Are you satisfied with your system (PV panels with Battery)? Are the batteries needed for someone with Net Metering (SCE NEM 2.0)? 
I appreciate any pointers before I dive in. Thanks.


----------



## TheHairyOne (Nov 28, 2018)

I'm on NEM 2.0 (Riverside CA, SCE). The batteries allow me to avoid the higher rates completely. Even on the worst power consumption days (1hp pool pump 24/7, two a/c's etc.) I still built up a $350 credit which in the winter we then consumed. On the hottest summer days the batteries depleted around 4am to my 10% reserve for back-up setting. But then the sun would come up and by 8am I was charging the batteries again, will a full charge around 11:45am. In the winter, rain/cloudy, conditions I eat up the credit from the good days and the batteries drain to around 9%.

You'll be amazed by how much power the batteries can pull from the grid when in storm mode and they charge off of the grid.

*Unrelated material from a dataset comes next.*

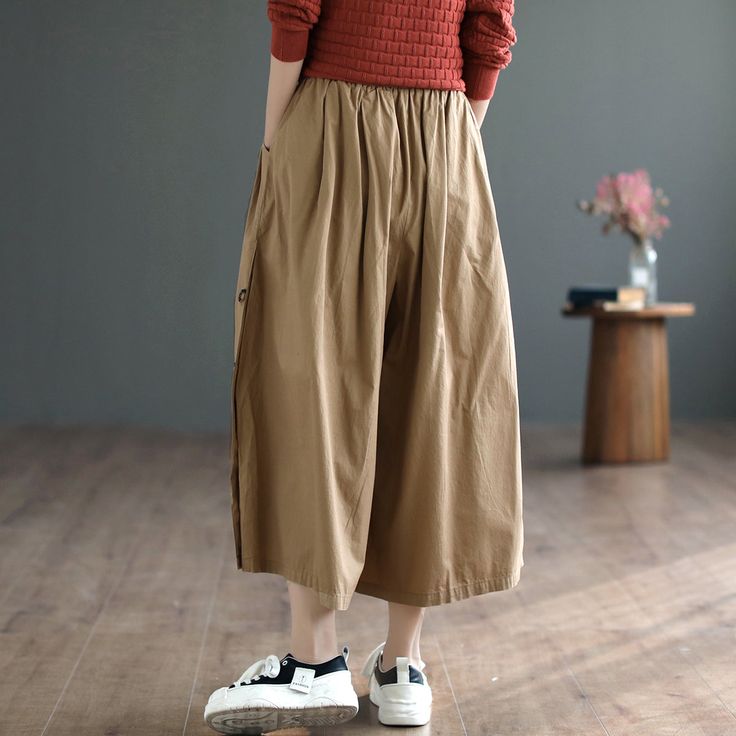 Details: Gender: Women Item Type: Pants Material: Cotton Season: Spring, Autumn Pattern: Solid Style: Casual, Loose, Retro Waist Type: Elastic Waist Size: One Size Waist: 70.00 - 100.00 cm/ 27.56 - 39.37 " Length: 83.00 cm/ 32.68 " Hip: 134.00 cm/ 52.76 " Thigh: 104.00 cm/ 40.94 " Linen Bottoms, Autumn Pattern, Casual Wide Leg Pants, Linen Jumpsuit, Sleeveless Bodycon Dress, Empire Waist Dress, Long Jumpsuits, Pantalon Large, Knee Dress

Made me forget about my idea about how solar should charge the batteries slower, for longevity. As I then realized that my 34 panels don't come anywhere near their full-throttle charging capabilities.


----------



## RoBoRaT (Nov 24, 2018)

Thanks for the reply. I am really close by you - using SCE also in Menifee.

I am thinking of 10.4 kW PV system with 3 Powerwalls - if SGIP is still available. Is it true that the SGIP is by lottery and how long did it take to get the funds?

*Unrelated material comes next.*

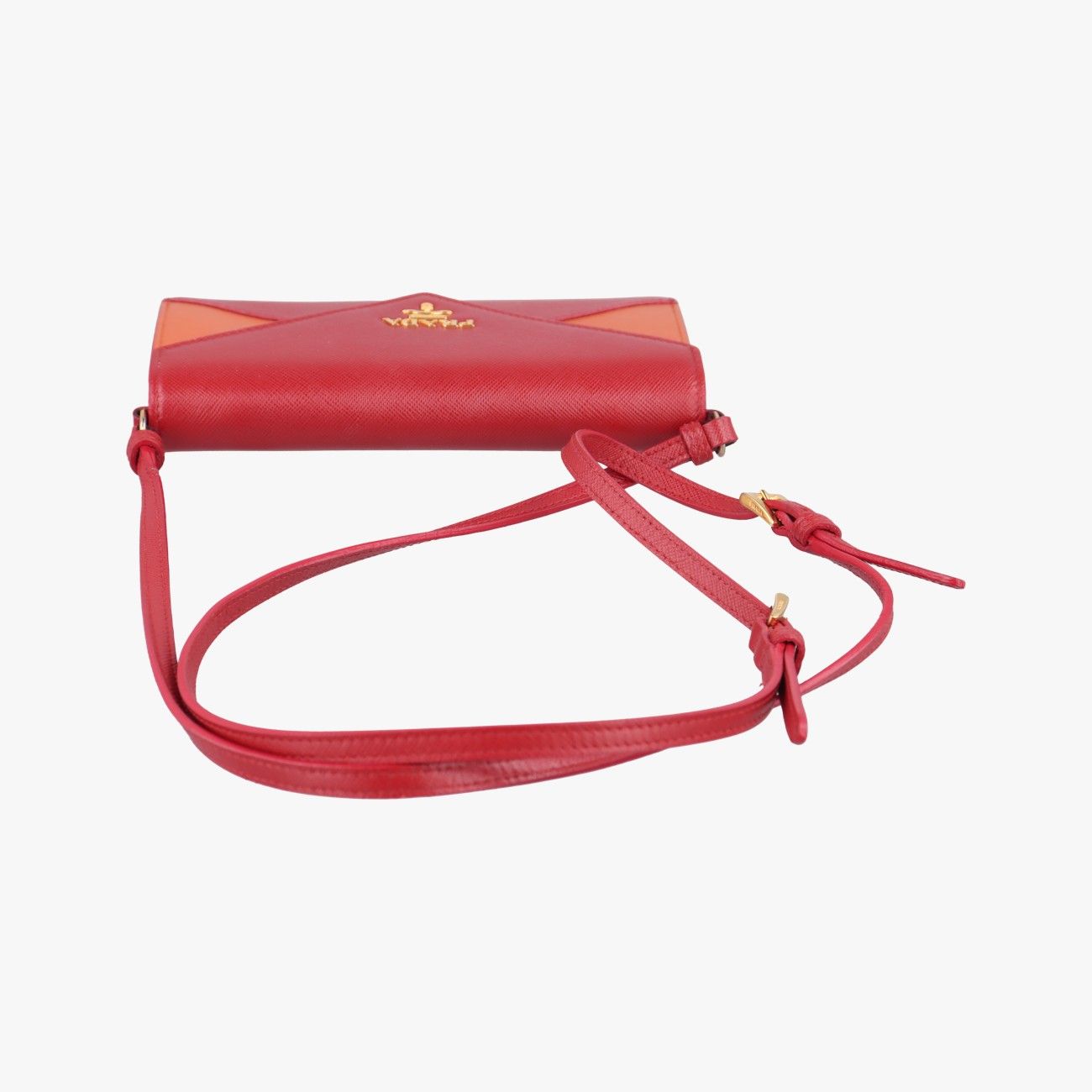Prada Envelope Red Orange Saffiano Leather — view 8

Looking at 4 different companies right now, Tesla Solar PV has the better pricing quote so far. 

But! Tesla stated on their website that they have fully used their SGIP reservations - which means I might have to go with another installer that can deliver Powerwalls with available SGiP reservation. 

Any recommendation for Solar PV system and/or Powerwall installer near our area?


----------



## RoBoRaT (Nov 24, 2018)

NvM that question, I saw it took 15 months to get the refund. ; )


----------



## TheHairyOne (Nov 28, 2018)

Here’s Carol’s contact from Tesla. She was my sale rep for solar and car. She’s based at the Victorian Gardens mall Tesla store: 
+1 (951) 205-8294

She price matched my other solar quote with better equipment from Tesla/SC.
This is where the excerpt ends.